A 47-year-old male developed heart failure due to dilated cardiomyopathy 12 years ago. A cardiac resynchronization therapy-defibrillator (CRT-D; Medtronic^® Viva XT CRT-D; AAI 60) was implanted due to VF 7 years ago, and as a bridge to transplantation, a HeartMate II® LVAD was implanted 4 years ago. No arrhythmia developed immediately after LVAD implantation; thus, his CRT-D shock therapy was turned off immediately after LVAD implantation. At the time of LVAD implantation, his transthoracic echocardiographic study showed a significant decrease in the left ventricular (LV) contractility (ejection fraction; 13%), dilation of left ventricle (51 mm in diastole) and trivial aortic regurgitation (AR) without opening of aortic valve but right ventricular (RV) contraction had maintained well relatively (RV fractional area change; 33%).
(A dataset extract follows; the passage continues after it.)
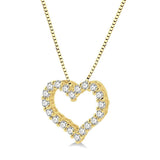 14K Yellow Gold Natural Diamonds Heart Pendant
Eight months after LVAD implantation, the patient developed palpitations and was admitted to our hospital due to repeated VAs necessitating electrical defibrillation. Echocardiography showed the left ventricle diameter did not change, whereas right ventricle volume was slightly enlarged. The repeated VAs were also refractory to various anti-arrhythmic agents, including amiodarone, nifekalant, mexiletine and lidocain, with eventual progression to sustained VF. The hemodynamic compromise due to sustained VF resulted in liver congestion, which was alleviated with a phosphodiesterase type 5 inhibitor, diuretics, and rotation speed optimization (from 8800 to 9600 rpm). These interventions reduced organ dysfunction, suggesting that minimum-required perfusion to vital organs was maintained even under sustained VF. The patient was followed up on an outpatient basis thereafter.

Approximately 2 years after the development of sustained VF, paroxysmal AF was detected on the monitoring records of CRT-D, with a gradually increasing frequency. After 3 years of sustained VF, the patient was readmitted to our hospital due to worsening of symptoms associated with right heart failure and liver congestion (total bilirubin, 3.9 mg/dl). Although his electrocardiogram remained sustained VF (Fig. 1), the CRT-D revealed conversion of the sinus or atrial pacing rhythm to persistent AF. Transthoracic echocardiography revealed that fibrillation of the atrium resulted in the disappearance of not only the mitral flow but also the RV outflow tract doppler flow by the atrial kick (Fig. 2, Additional file 1, 2, 3, 4, 5 and 6). Under sustained VF, RV cardiac output is greatly dependent on atrial kick in which the contribution of atrial kick extraordinary enhanced. The hemodynamic study indicated that the pressure wave from the right atrium (RA) to the right ventricle was significantly flattened resulting that the pulmonary artery pulsatility index, which is defined as the ratio of pulmonary artery pulse pressure to right atrial pressure, was markedly decreased. It suggested a marked reduction in blood flow induced by RA contraction in persistent AF as opposed to sinus rhythm (Fig. 3). As the incremental rotation speed lead to an increase in RA pressure (RAP) from 19 mmHg to 22 mmHg, the rotation speed was set to 9600 rpm and the right heart congestion was treated with additional diuretics insufficiently and the enhanced level of total bilirubin was prolonged. Until four months later, heart failure was gradually improved and the level of total bilirubin decreased below 2 mg/dl. The monitoring records of CRT-D revealed the recovery of sinus rhythm during previous four months (Fig. 4). Although he had remained sustained VF, the recovery of sinus rhythm finely corresponded to the improvement of heart failure and the level of his total bilirubin decreased to 1.2 mg/dl. It intensely corroborated the contribution of persistent AF on the worsening of right heart failure.